Nach vierstündigem Fluge hieß es wieder einen geeigneten Landeplatz suchen, aber unter uns sahen wir nur sehr kleine, mit Gräben durchzogene Wiesen. Der einzig mögliche Platz war ein Sturzacker, etwas größer, dafür aber mit Schollen von 20 bis 25 Zentimeter bedeckt. Es ging aber selbstverständlich alles glatt und einige Minuten später stand auch die zweite Maschine neben uns. Hier konnten wir zum ersten Male, da wir nun schon asiatischen Boden unter unseren Füßen hatten, Muselmänner und -weiber im Original ansehen, die ganz scheu zu uns an die Maschine kamen, anscheinend Angst vor uns hatten und wahrscheinlich dachten, wir kämen vom Monde. Einen Tag lang rasteten wir, dann ging es weiter, die eine Maschine nach Tiflis, die andere zurück nach Rostow.

Junkers F 13 der Schweden-Persien-Linie in Annapa

Nach mehrwöchigem Flugdienst auf dieser Strecke wurden wir auf der Linie Rostow-Baku eingesetzt und durften so auch eine andere Gegend kennenlernen. An einem herrlichen Augustmorgen starteten wir in Rostow am Don nach Mineralnyje Wody, dann weiter nach Grosnij und Baku. Doch hatten wir hier die Rechnung ohne das Wetter gemacht, das uns bis dahin so gut geneigt war. Damit war es nichts mehr; wir gerieten in sehr starken Sturm und wolkenbruchartigen Regen, und mit einemmal befanden wir uns vor einer bis Boden reichenden Wolkenmauer. Dreimal setzte unser braver Pilot Mosbacher an und dachte durchzukommen, es war aber unmöglich. Doch plötzlich heiterte sich sein Gesicht auf, und er rief mir zu: „Da über dem Meere ist ein Loch, da können wir durch!“ Ich hatte aber während des Fluges eine kleine Unregelmäßigkeit im Laufe des Motors bemerkt und riet daher ab, denn 40 bis 50 km vom Ufer entfernt in einer Landmaschine mit einer größeren Motorstörung rechnen zu müssen, ist nicht angenehm und vielleicht hätte es so doch zum Schwimmen kommen können.

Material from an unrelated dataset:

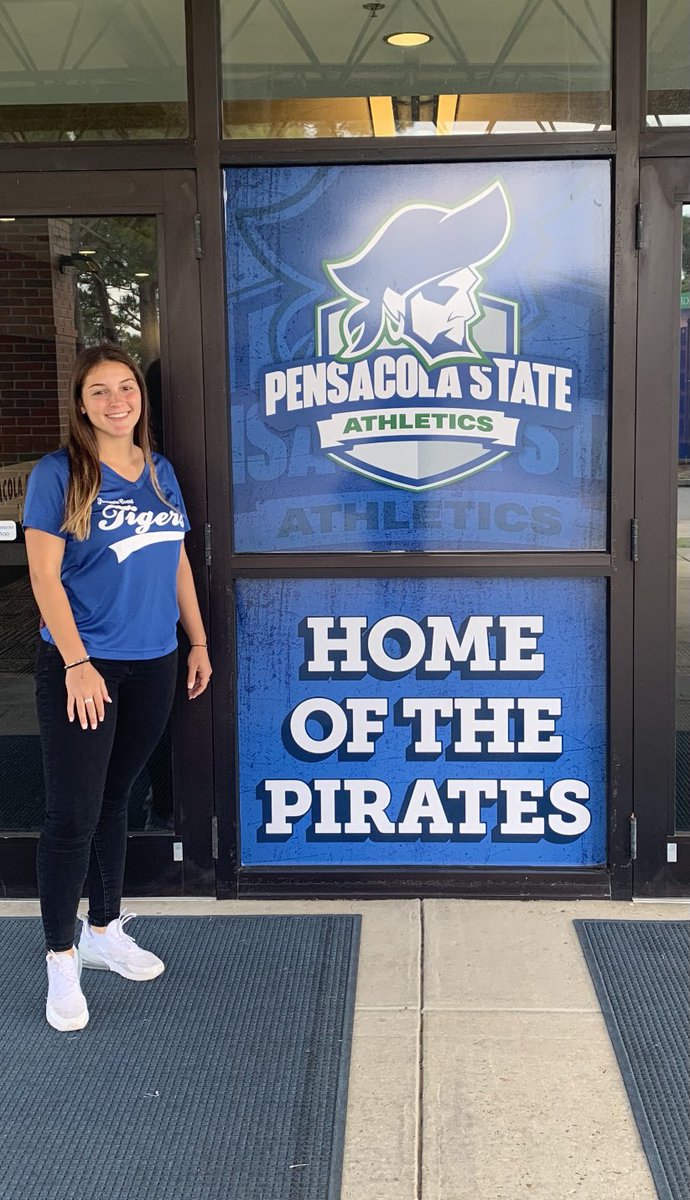 brookevega2022's tweet photo. I am very grateful and proud to announce my commitment to continue my academic and softball career at @PSCSoftball . Thank you to all the coaches and teammates who helped me get here. @MartinCoSports @FLPowerBlack @kibn08 #PiratePower 🏴‍☠️ https://t.co/QQ7LEmHCPq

Jetzt bemerkten wir auch, daß unter uns eine Bahnbrücke durch das Wasser eines vom wolkenbruchartigen Regen hoch angeschwollenen Wildbaches weggerissen worden war. Infolge der monatelangen großen Dürre und Trockenheit war der Boden so hart geworden, daß er das Wasser nicht aufsaugen konnte und die Ebene einen riesigen See bildete, der in reißenden Fluten sich in einzelnen Rinnen mit den von den Bergen kommenden Bäche vermischte. Hart an der Bahn schritten wir zur Landung – um den Brückenbruch zu melden – doch was tun? Telephon gibt es hier keines, aber Baku muß verständigt werden, daß die Bahnbrücke zerstört wäre.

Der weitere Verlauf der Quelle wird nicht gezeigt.